The Acting Class, on Via dei villani, in the Tasso area. A training ground for actors and actresses. I don’t teach acting, because I believe that acting is not something you teach, but rather extract. What I really wanted to create was a place where kids could train and where I could pass on my experience to them. That is what really counts: handing over to the younger generation. This is also the place where the first short film I directed was born, Madonne, which was secretly filmed on Florence’s tramway, two beautiful girls kissing. I’m now working on my second short film.

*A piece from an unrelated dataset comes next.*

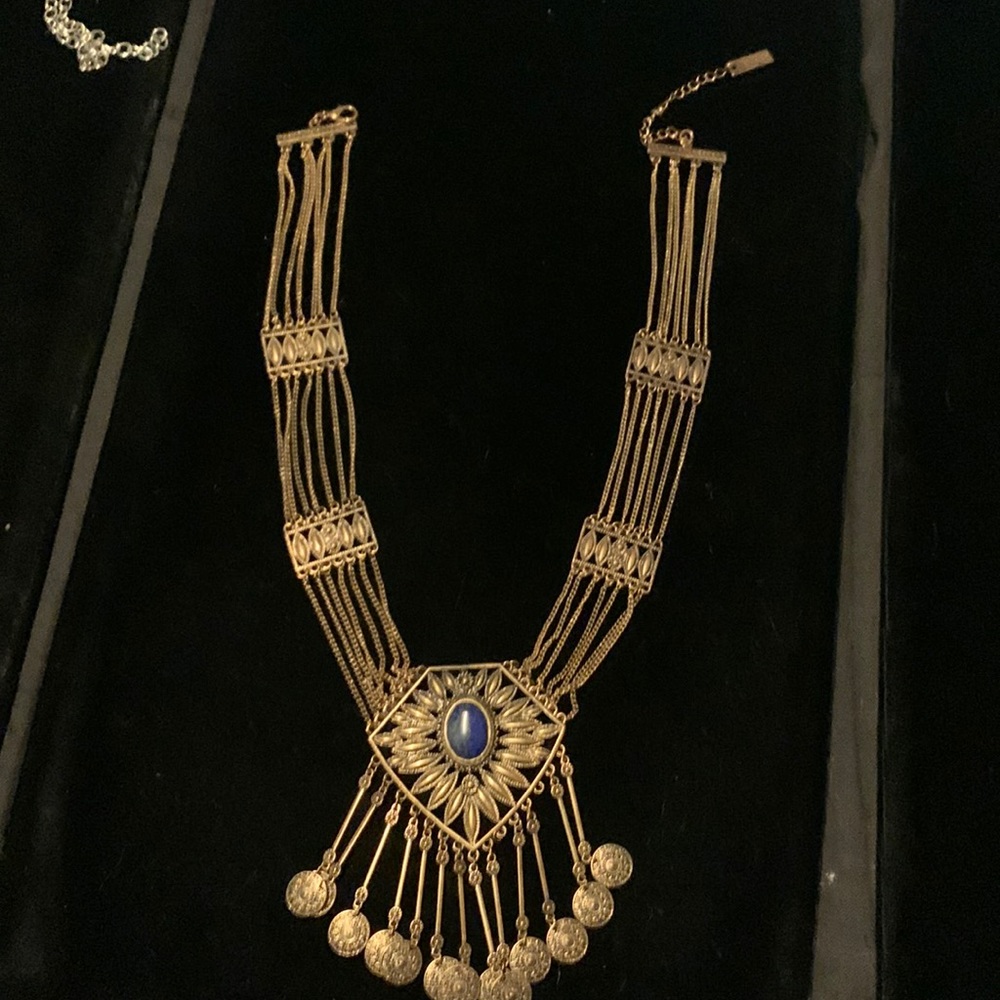 Steve madden necklace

Where will we be seeing you next?
I’m currently busy with Non mi lasciare, starring Vittoria Puccini, by Ciro Visco. Then I’ll be starring in the new film by Spanish director Paola Ortiz, alongside Liev Schreiber, Matilda De Angelis and Sabrina Impacciatore, Across The River And Into The Trees. I also have a Netflix movie coming up, Robbing Mussolini, by Renato De Maria. In addition, of course, to my Tutto&Nulla and Fiabe shows, which I plan to resume as soon as possible. I’m also busy writing some new theater works. I fell in love again with Robert Louis Stevenson’s Treasure Island and its main character, Long John Silver. I would enjoy playing a pirate and, after all, the word “crew” can refer to either a stage crew or ship’s crew, and the theater stage, with its ropes and wooden flooring, looks very much like a ship, while the sea represents the endless emotions we strive to convey on stage.